Released in 2007 in China, My Tibetan Childhood was a bestseller before Beijing banned it three years later. The tragic memoir by an invasion survivor who became a Chinese government official is touted as the most reprinted modern Tibetan literary work.
This English translation begins in hauntingly pacifist fashion. "'Nukho,' my father told me often, 'if you want to be a real man, do not kill fish, frogs, birds, insects, and other weak animals but have compassion for them.' His words stayed in my mind. Even small animals felt joy, sadness, and tears, and each of them had parents and children. I believed I shouldn't kill them needlessly'," Naktsang Nulo recounts.

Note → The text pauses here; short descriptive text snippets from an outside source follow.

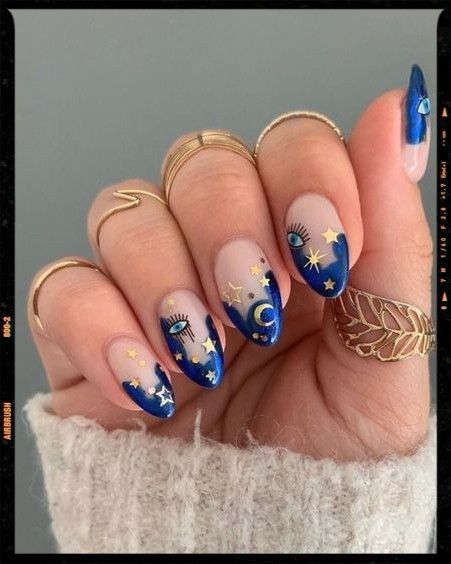 Nails With Gel, Evil Eye Nails, Witch Nails, Unghie Nail Art, Witchy Nails, Super Cute Nails, Beauty Nails Design, Gold Nail, Fall Acrylic Nails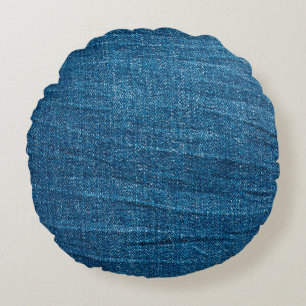 Blue denim texture, Bluejeans texture Round Pillow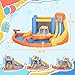 Outsunny Inflatable Water Slide, Kids Bounce House Water Park with Pool, Climbing Wall, Water Cannon, Dual Slides, Trampoline, 5-in-1 Bouncy Castle with Air Blower for Outdoor Indoor Backyard Fun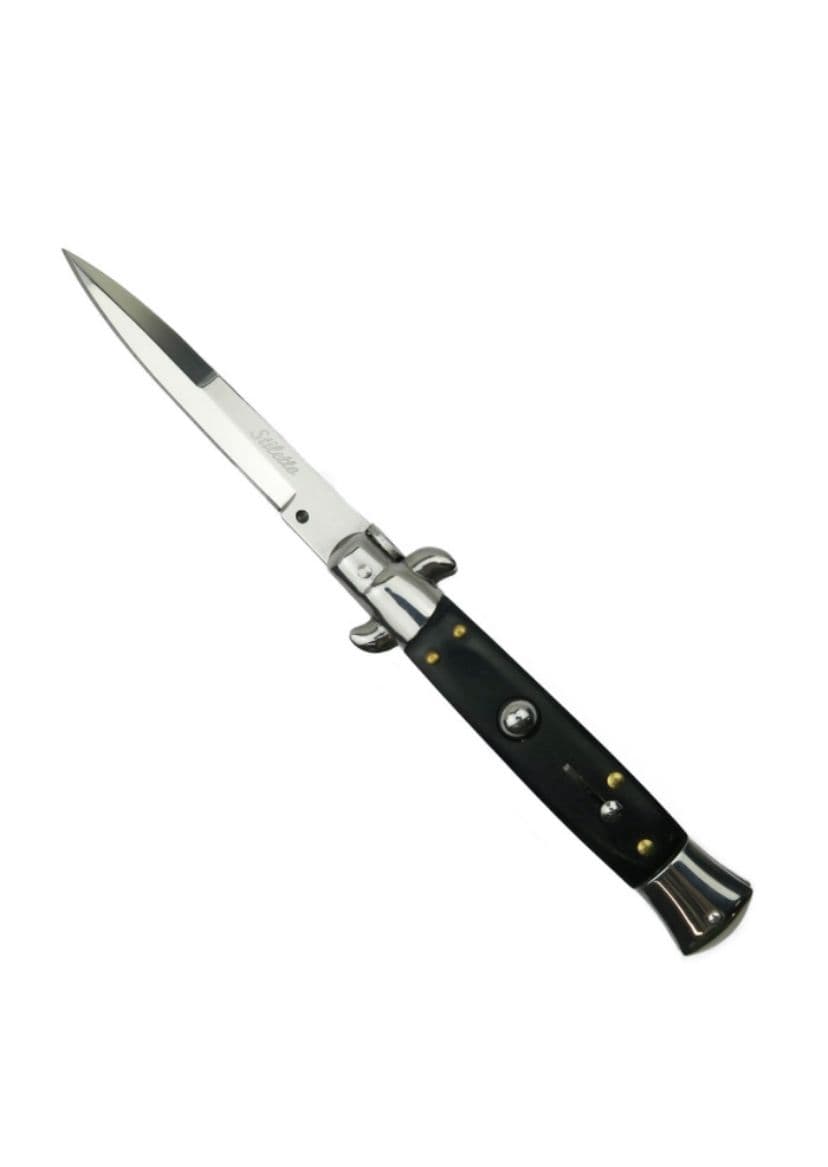 Godfather Black Automatic Knife -Satin Stiletto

His story centres on his upbringing in Tibet's eastern plateau during the 1950s. The early chapters, which read like a warm-up with ominous overtones, recall pilgrimages to monasteries, including a 2,000-kilometre horseback trek his nomadic clan makes to and from Lhasa.
One year on, his family retraces its steps in flight from advancing Chinese troops. Next, Nulo's father joins the 1958 Amdo uprising but is slain; Nulo and his brother are detained in a cramped camp wracked by hunger. In plain style, Nulo documents the squalor and the starvation; wolf is in their diet.
Despite the romantic title, Nulo's take on China's increasingly forgotten invasion is harrowing. One source he cites reports that the Chinese kill people by day and dogs at night. "If you surrender, they will cut off your head, and if you run away to the mountains, they cut off your legs."